┌──

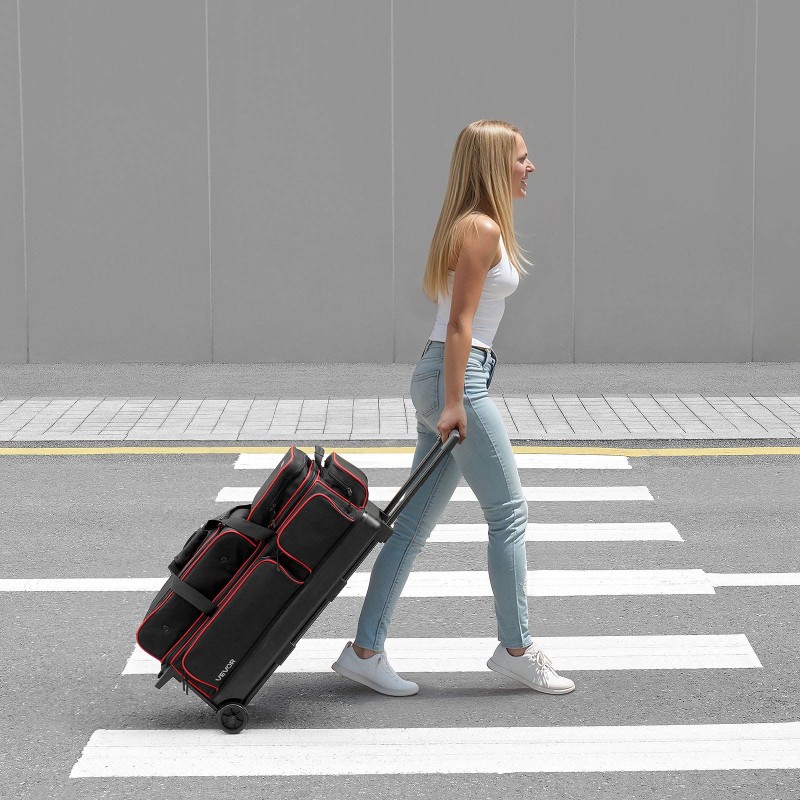 Keilapallolaukku 600D-kangas PVC-vesitiivis pinnoite 3 pallolle erillisellä kenkäosastolla teleskooppikahvalla pyörillä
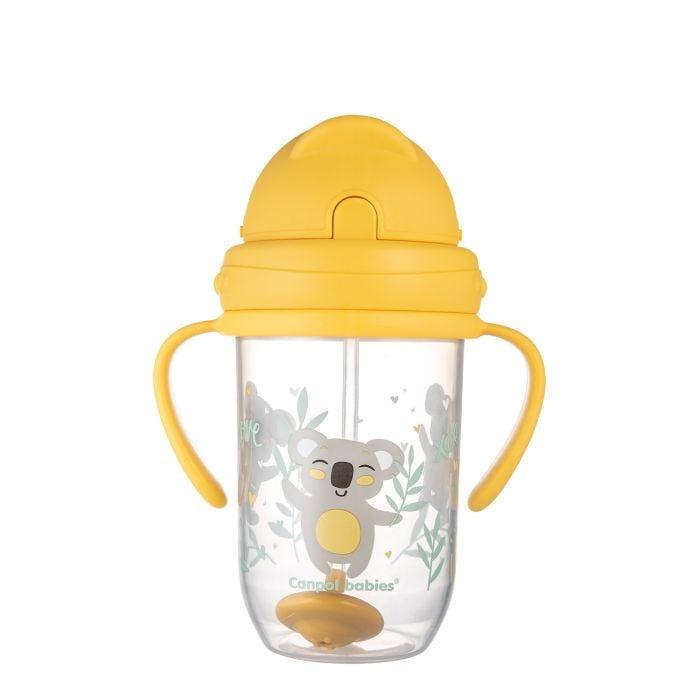 Canpol babies - kubek niekapek z rurką i odważnikiem 270 ml - Exotic animals-Żółty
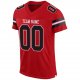 Men's Custom Red Black-White Mesh Authentic Football Jersey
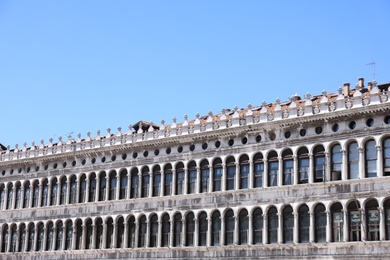 Photo of VENICE, ITALY - JUNE 13, 2019: Facade of Procuratie Nuove at St Mark's Square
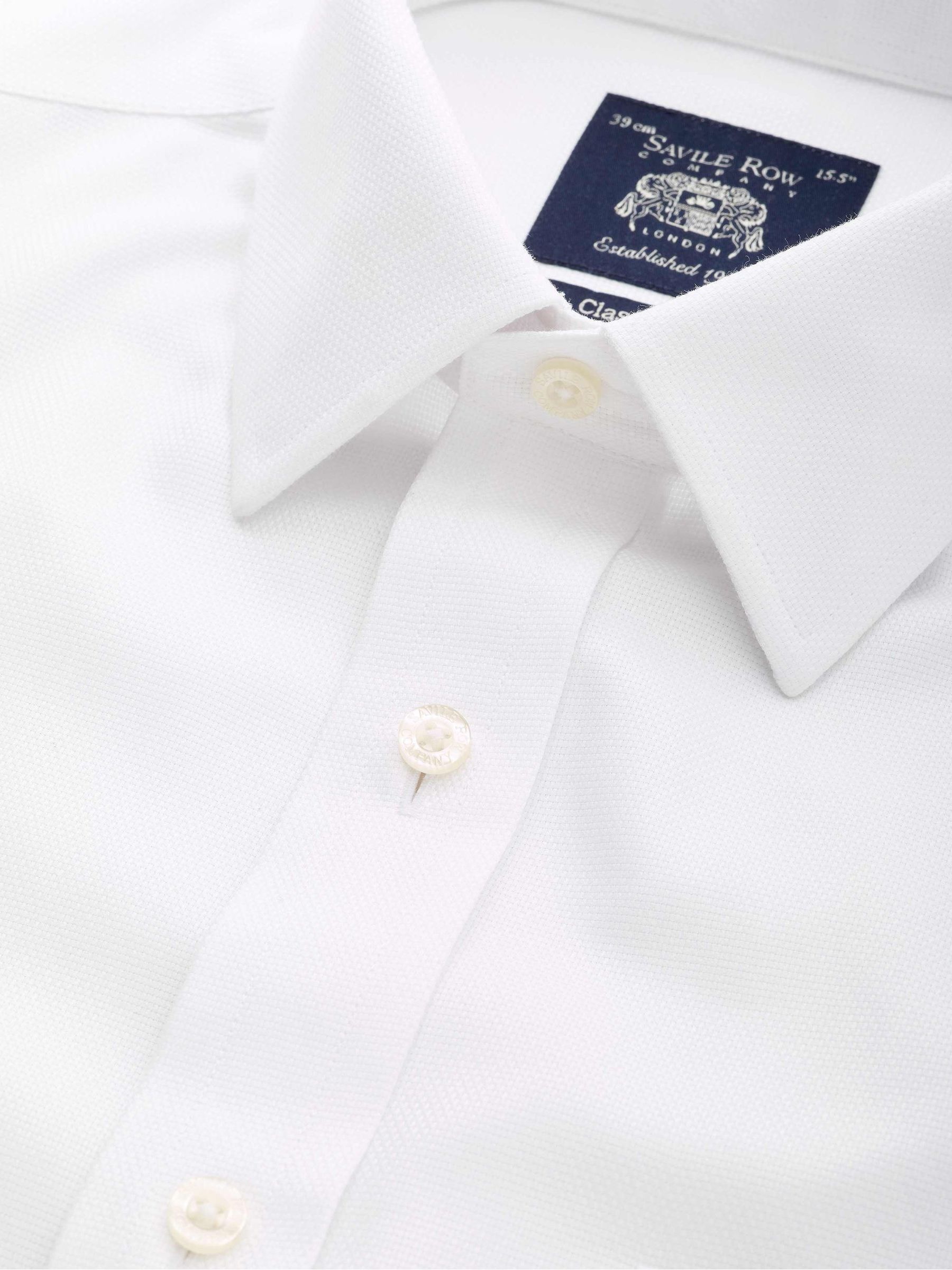 Wit - Savile Row Company klassiek model katoenen Dobby strijkvrij overhemd met enkele manchet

└──

◆ Work instructions ◆
Output the data exactly, pictures omitted.

◆ Problem solution ◆
 Keilapallolaukku 600D-kangas PVC-vesitiivis pinnoite 3 pallolle erillisellä kenkäosastolla teleskooppikahvalla pyörillä
 Canpol babies - kubek niekapek z rurką i odważnikiem 270 ml - Exotic animals-Żółty
 Men's Custom Red Black-White Mesh Authentic Football Jersey
 Photo of VENICE, ITALY - JUNE 13, 2019: Facade of Procuratie Nuove at St Mark's Square
 Wit - Savile Row Company klassiek model katoenen Dobby strijkvrij overhemd met enkele manchet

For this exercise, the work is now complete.